Open vstinner opened 4 days ago
There's nothing particularly controversial about this API, right? Other than the question of whether it should be "real" or macros?
I'm quite happy with it being a real API.
Since PyLong_To*
functions have signature compatible with the converter signature used with the O&
format unit in PyArg_Parse()
, I think that it would be better to make the return value compatible with the converter convention: return 1 for a successful conversion and 0 if the conversion has failed. So these functions could be used with PyArg_Parse()
(and other functions in this family).
Otherwise we can end with two sets of converters with opposite return conventions. It will be very errorprone.
I think that it would be better to make the return value compatible with the converter convention: return 1 for a successful conversion and 0 if the conversion has failed.
I don't think that this use case is common enough to not follow the C API Guidelines: https://devguide.python.org/developer-workflow/c-api/index.html#guidelines-for-expanding-changing-the-public-api
For converters, I would prefer to add support for int32_t and uint64_t to Argument Clinic and reuse these functions.
think that it would be better to make the return value compatible with the converter convention
It's tempting, for sure, but I think we're better to keep converters as the exception. We really want developers to have a single mental model for how to handle return values, and that unfortunately means converters need to be clearly labelled, and not just convenient functions.
Adding some form of sized version of i
and u
to PyArg_ParseTuple
wouldn't be a bad step. That's our public API - Argument Clinic is still internal only, so we don't fix that until we need it, and it doesn't help public users at all when we do.
Other than the question of whether it should be "real" or macros?
Thank you for humoring me on the macros thing; I think it's clear we want real functions :)
keep converters as the exception
Yes. We settled on using -1 (or NULL) for errors. Unfortunately some existing functions -- or even families of functions -- don't do that; we have to live with that.
Eventually, if we get to the point where O&
sticks out too much, we might want to add a new PyArg_Parse
format code. I don't think we're there yet.
@serhiy-storchaka has some concerns about calling obj.__index__()

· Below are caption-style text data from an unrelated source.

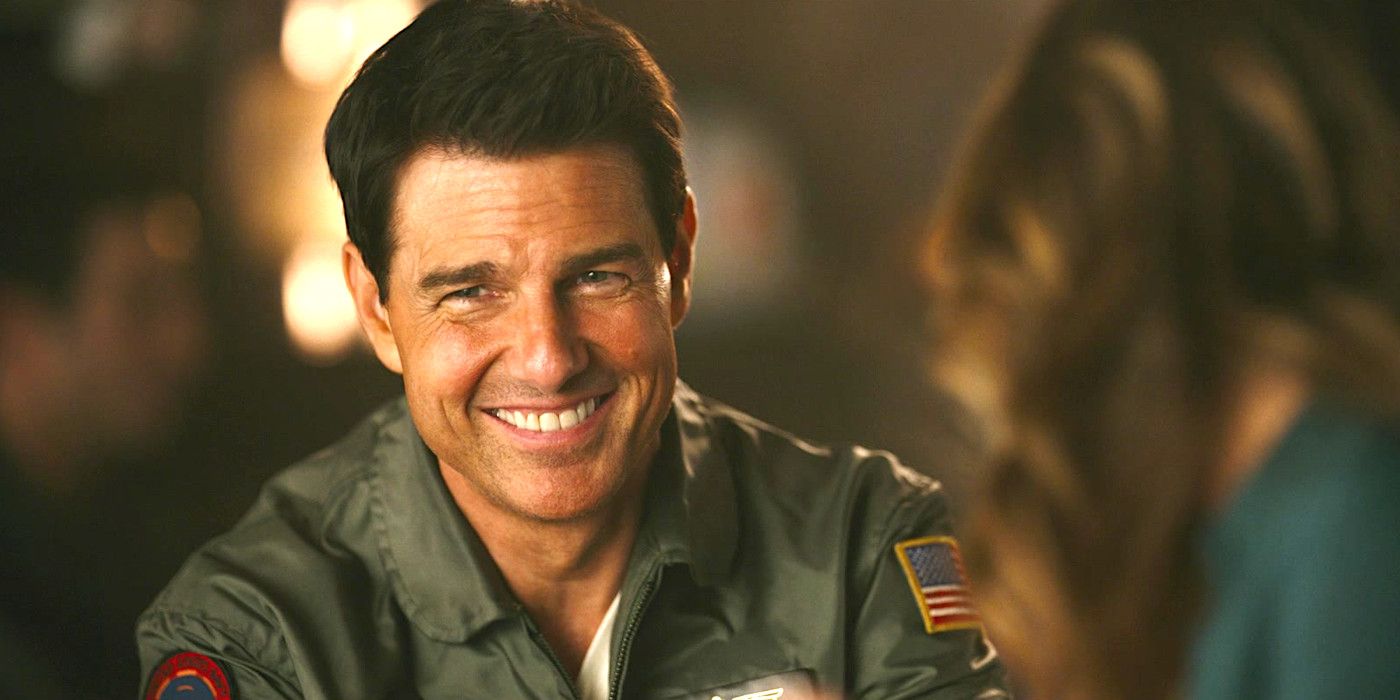 Tom Cruise as Maverick in Top Gun 2 in a bar wearing a jacket with military patches and smiling happily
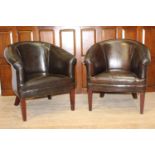 Pair of dark brown leather upholstered tub chairs {78 cm H x 70 cm W x 47 cm D}.
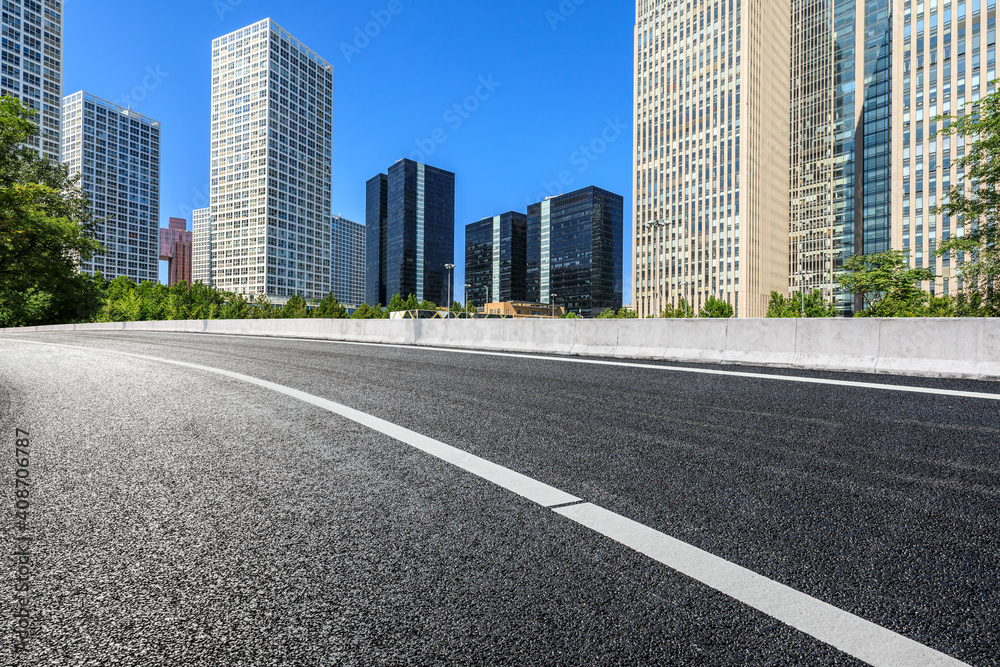 Asphalt road and modern city commercial buildings in Beijing,China. Asphalt road and modern city commercial buildings in Beijing,China.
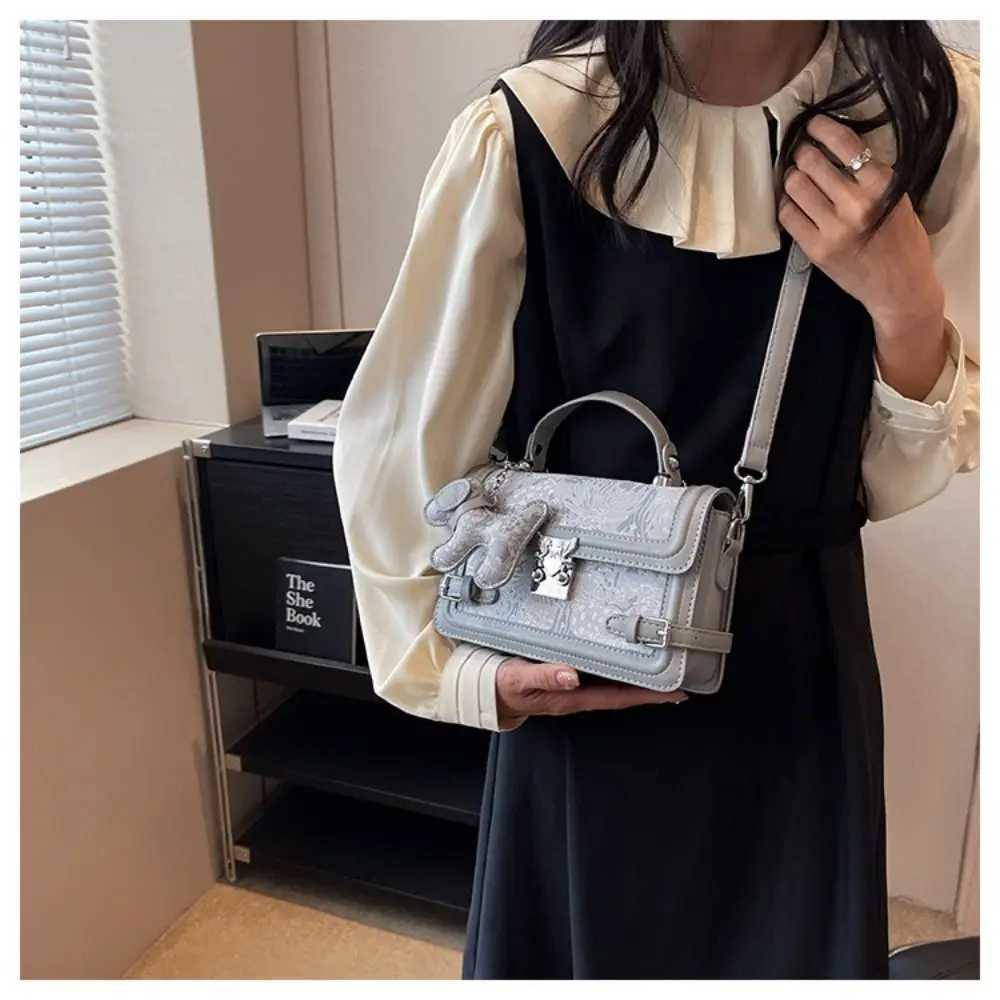 Elegant embossed shoulder bag with metal buckle square bottom bag and exquisite cross shaped body bag Y250319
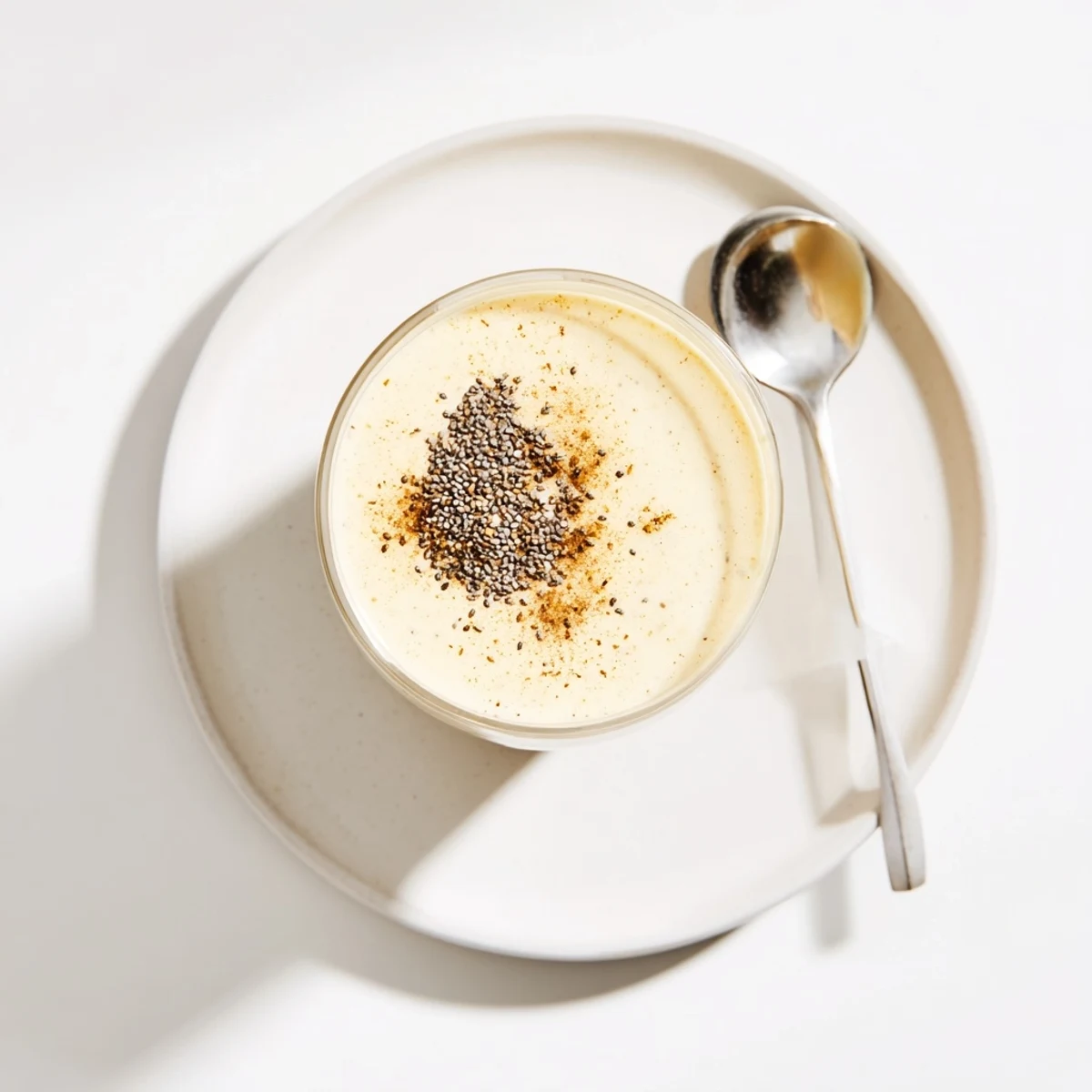 Creamy Greek yogurt banana smoothie poured into a tall glass topped with fresh banana slices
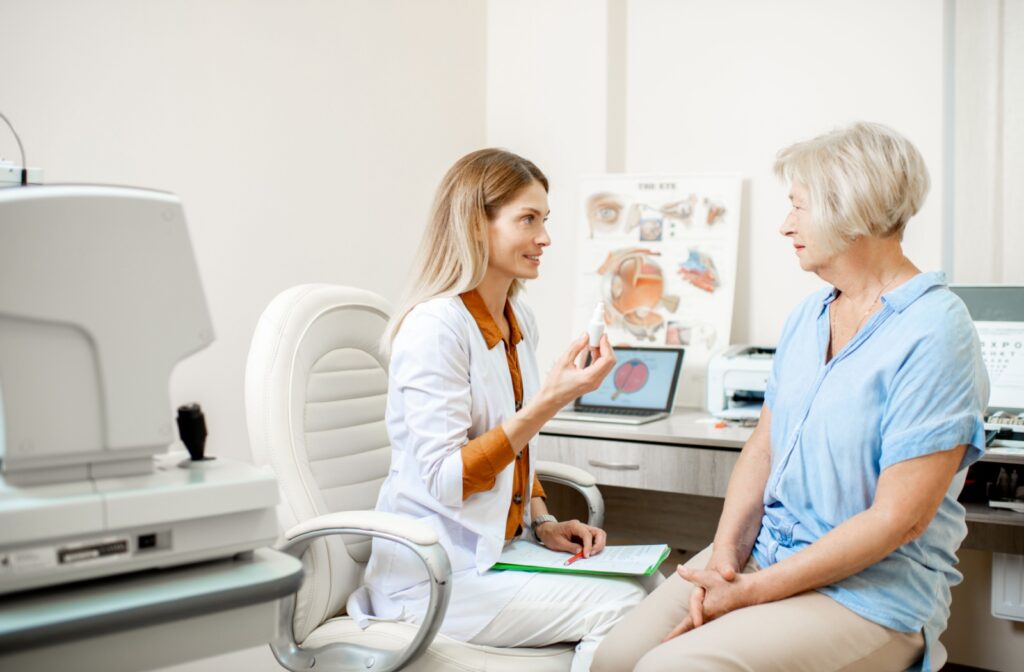 An eye doctor shows their patient how many medicated eye drops to take following their successful laser eye surgery.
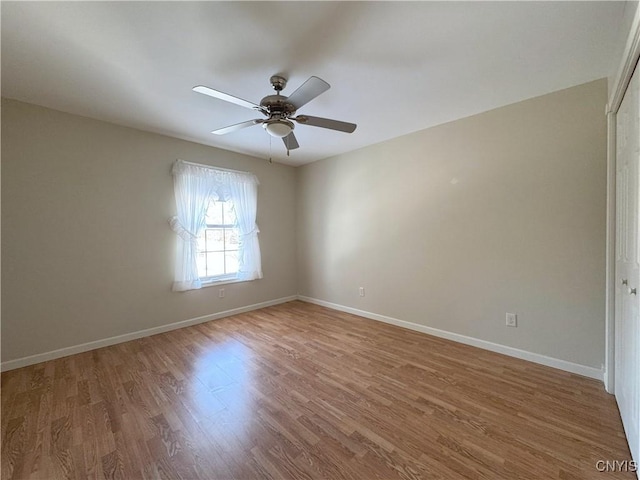 spare room with ceiling fan and hardwood / wood-style flooring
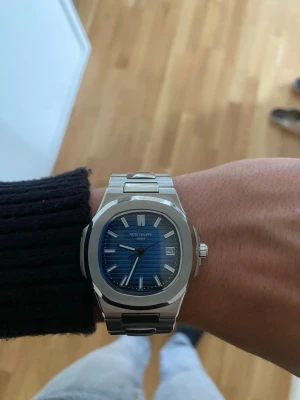 Silvrig blå klocka - Säljer en stilren klocka med blå urtavla och silverfärgat armband i rostfritt stål. Klockan har ett klassiskt, sportigt utseende med datumfönster och tydliga indexmarkeringar. Perfekt accessoar för dig som gillar exklusiv design.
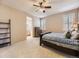 A neutral bedroom with a large bed, shutters on the windows, and carpeted floors at 10578 Parkington Ln # 35D, Highlands Ranch, CO 80126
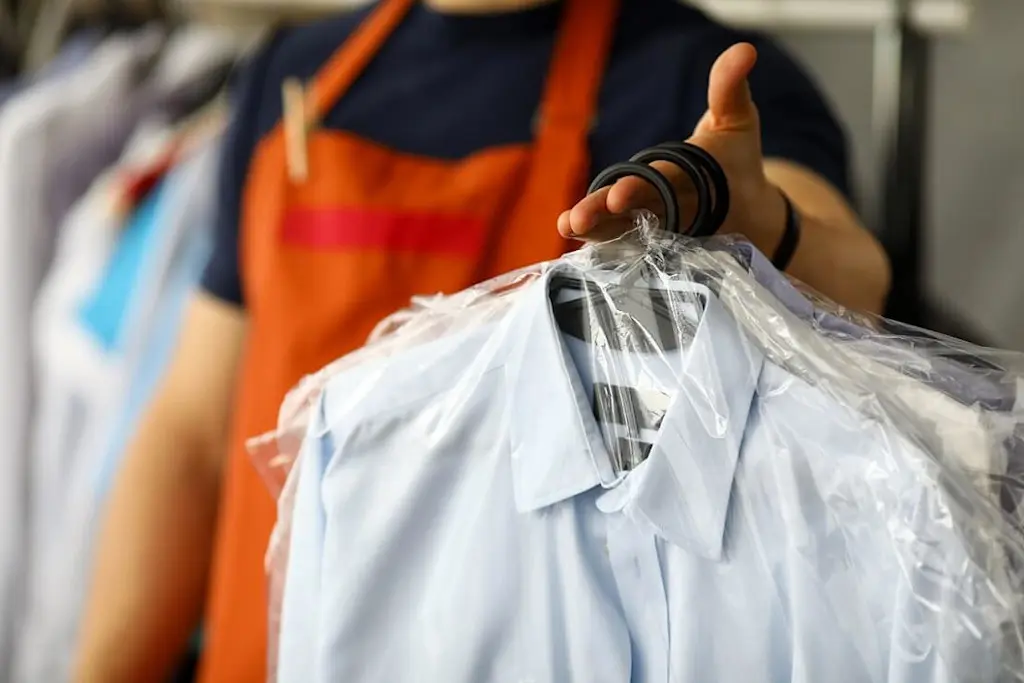 laundered shirts on hangers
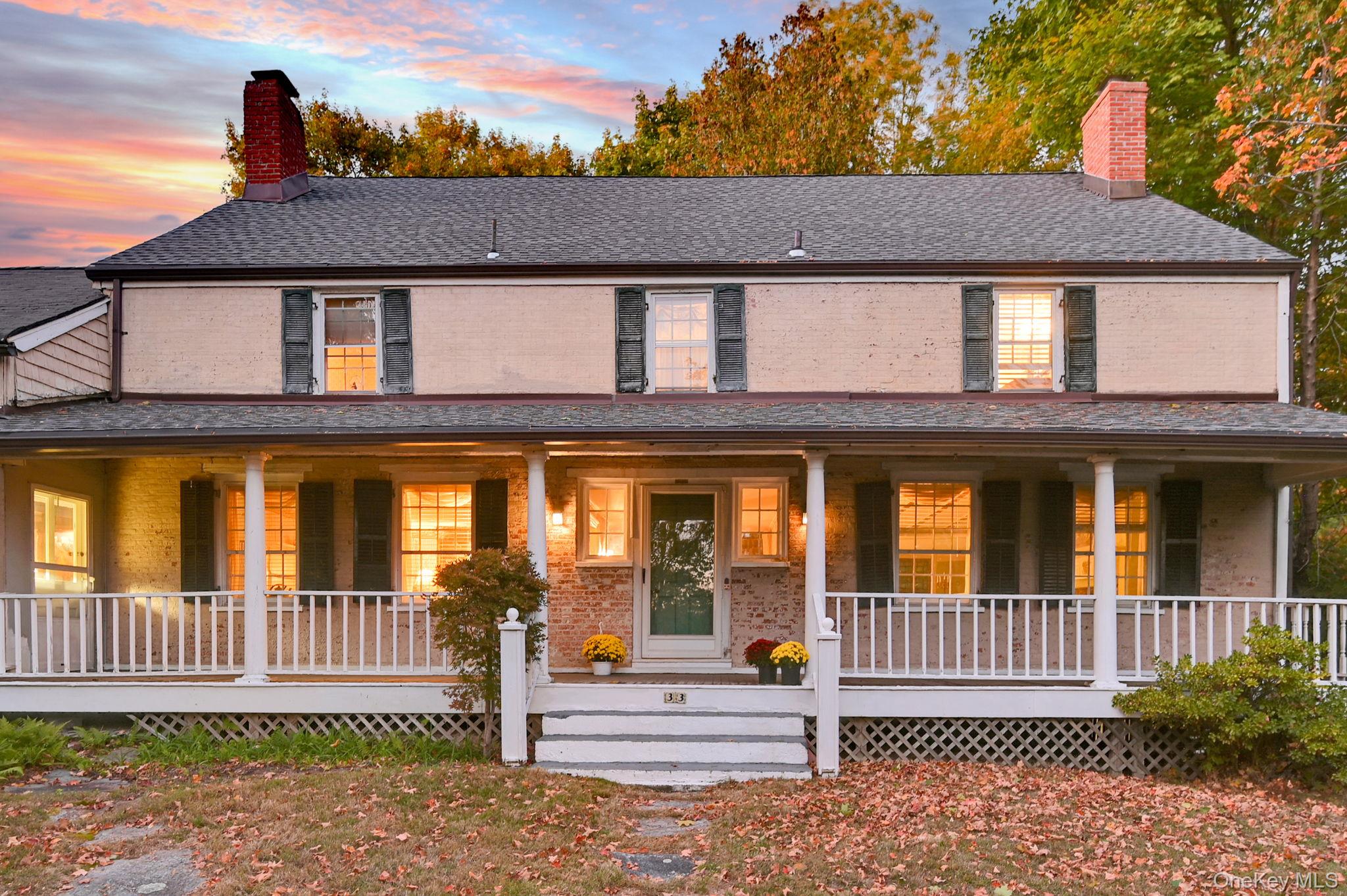 33 Ryder Road Ossining, NY 10562 - Photo 38 of 48 Farmhouse inspired home with a chimney, covered porch, brick siding, and a shingled roof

which can release the GIL indirectly:
Calling
__index__
can release the GIL and make values saved in C variables (borrowed references, the size of a list, etc) invalid. Existing code can rely on atomicity ofPyLong_AsUnsignedLong()
, so calling__index__
in it is an unsafe change.
IMO it's good that signed and unsigned functions have the same behavior, that both call __index__()
. Existing functions are inconsistent: signed functions (ex: PyLong_AsInt()) call __index__()
, whereas PyLong_AsUnsignedLong() don't call the method.
The GIL issue can be documented.
@serhiy-storchaka @mdboom: Do you have any additional comment about these APIs, or can I just open a vote?
I have nothing to add that hasn't already been said.
My comment was about the existing C API like PyLong_AsUnsignedLong()
and why it is not safe to change it.
We need a C API which respects special methods like __index__
, and it should be default. On other hand, we need a C API to access the content of the object. This is a contradiction. Creating two sets of functions will cause confusion, especially if there will be more than two sets, with different signatures and different calling conventions. I have an idea how to mitigate this problem, but it is for a different discussion. It does not stay on the way of this set of functions, because they all are just wrappers around PyLong_FromNativeBytes
/PyLong_AsNativeBytes
.
PyLong_FromInt32
and PyLong_FromUInt32
are redundant, because the integer argument can always be promoted to 64 bits for PyLong_FromInt64
/PyLong_FromUInt64
. We have both PyLong_FromLong
and PyLong_FromLongLong
because the latter was optional, not all compilers supported long long
.
On other hand, the lack of PyLong_ToInt16
and PyLong_ToInt8
requires adding additional check after calling PyLong_ToInt32
, and producing OverflowError with inconsistent error messages (depending on the input value) or writing more verbose code with PyLong_AsNativeBytes
.
Right, this is essentially the difference between the abstract and concrete APIs, a difference which has been eroding over the last few years.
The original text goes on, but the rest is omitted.